Tutorial on Architectural Design for Soft Errors

Dr. Joel Emer & Dr. Shubu Mukherjee, Intel Corporation
Sunday, June 21st, Morning session.

As kids many of us were fascinated by black holes and solar flares in deep space. Little did we know that particles from deep space could affect computing systems at the surface of the earth causing blue screens and incorrect bank balances. CMOS technology has shrunk to a point where radiation from deep space and packaging material have started causing such malfunctions at an increasing rate. These radiation-induced errors are termed "soft" since the state of one or more bits in a silicon chip could flip temporarily without damaging the hardware. The lack of any appropriate shielding material has caused the design community to look for process, circuit, architectural, and software solutions to mitigate the effect of soft errors.

This tutorial will cover architectural techniques to tackle the soft error problem. Computer architecture has long coped with various types of faults, including ones induced by radiation. For example, error correction codes are commonly used in memory systems. High-end systems have often used redundant copies of hardware to detect faults and recover from errors. Many of these solutions have, however, been prohibitively expensive and difficult to justify in mainstream commodity computing market.

The necessity to find cheaper reliability solutions has driven a whole new class of quantitative analysis of soft errors and corresponding solutions that mitigate their effects. This tutorial will cover the new methodologies for quantitative analysis of soft errors as well as novel cost-effective architectural techniques to mitigate them. This tutorial will also re-evaluates traditional architectural solutions in the context of the new quantitative analysis.

More specifically, in this tutorial we will cover:

Much of the material in this tutorial will be based on the book, "Architecture Design for Soft Errors." Elsevier, Inc has copyright (c) to some of the material covered in the tutorial and on this announcement.

Dr.
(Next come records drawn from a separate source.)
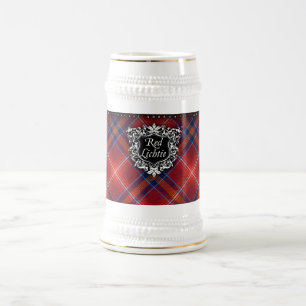 VOOR HEM Red Lichtie Stein - - Bierpul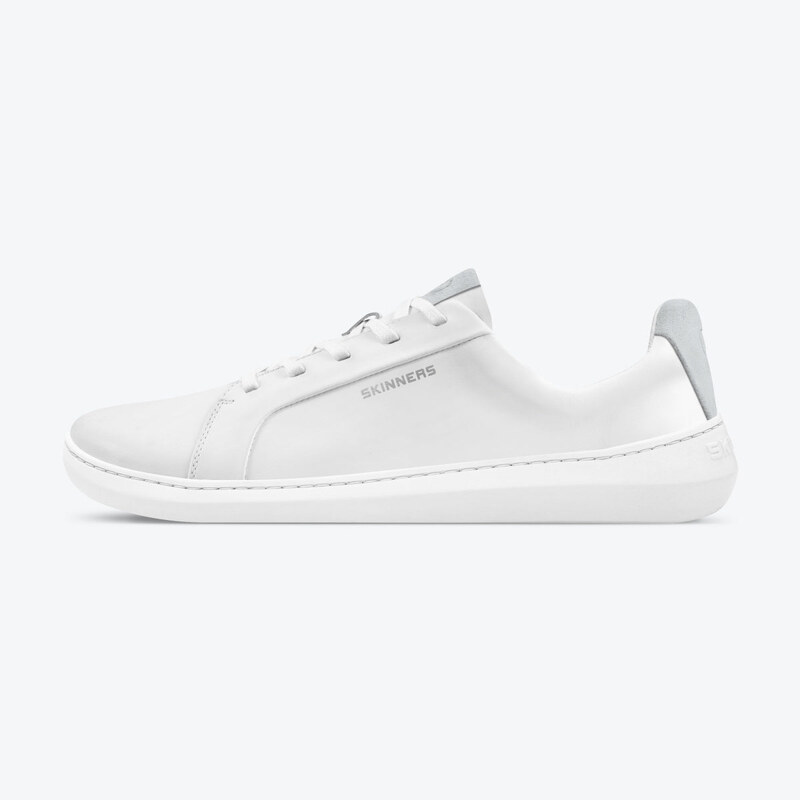 Skinners Moonwalker Ice/White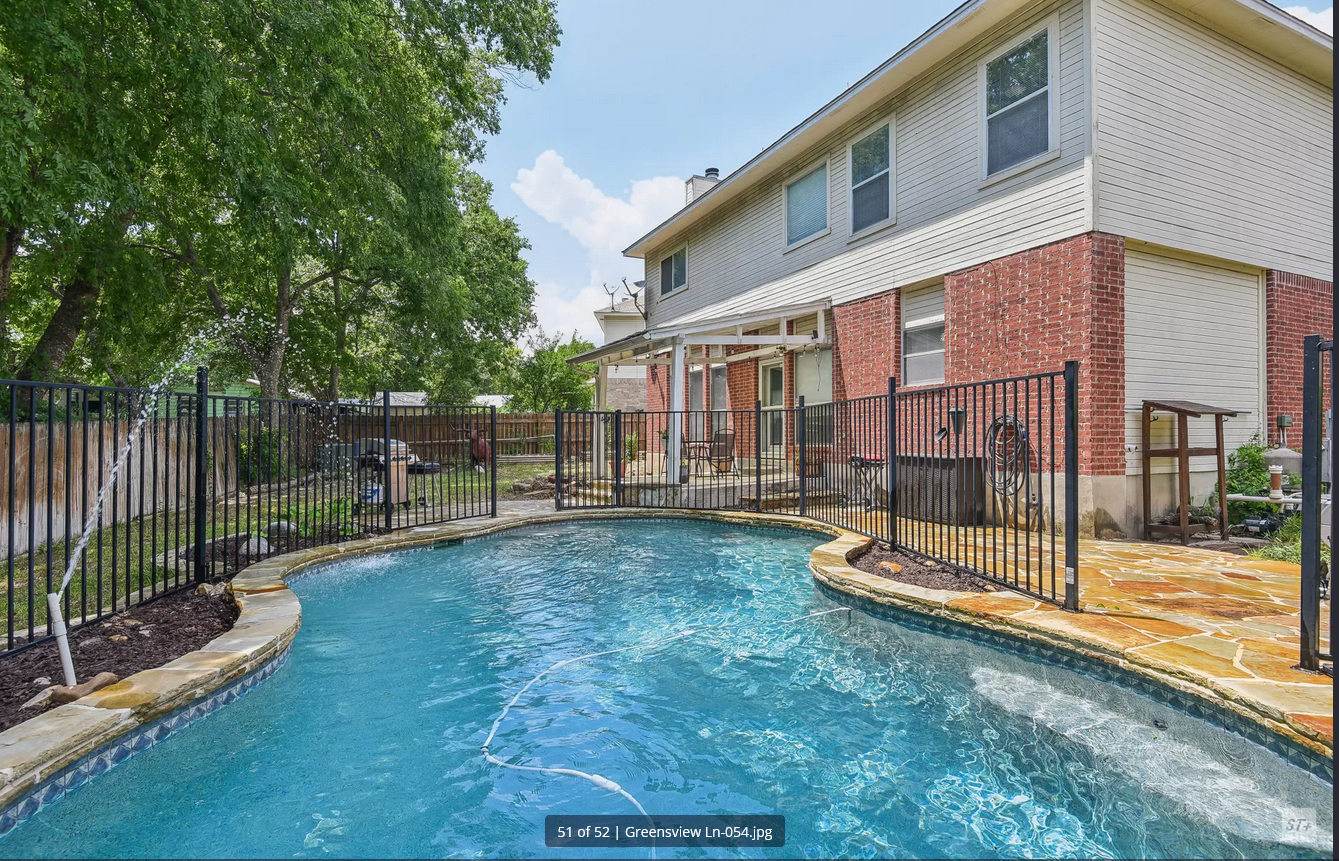 Havenvilla - 3 Bedroom Property for sale in San Antonio Texas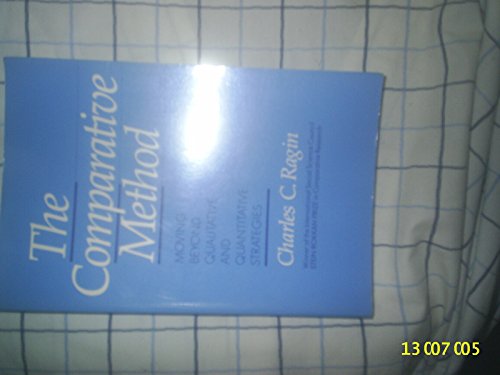The Comparative Method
Joel S. Emer is an Intel Fellow working in the Digital Enterprise Group, where he is director of micro-architecture research. Before joining Intel he spent 22 years as a Digital/Compaq employee, where he worked on processor architecture, performance analysis and performance modeling methodologies for a number of VAX and Alpha CPUs. He is widely recognized for his architecture contributions, including pioneering efforts in simultaneous multithreading, and for his seminal work on the now pervasive quantitative approach to processor evaluation. He also has researched heterogeneous distributed systems and networked file systems at DEC and during a three year sabbatical at MIT. His current research interests include processor reliability, multithreaded processor organizations, techniques for increased instruction level parallelism, pipeline organization, instruction and data cache organizations, branch prediction schemes, and performance modeling. Dr. Emer holds a Ph.D. in Electrical Engineering from the University of Illinois, and M.S.E.E. and B.S.E.E. degrees from Purdue University. He is also a Fellow of both the ACM and the IEEE.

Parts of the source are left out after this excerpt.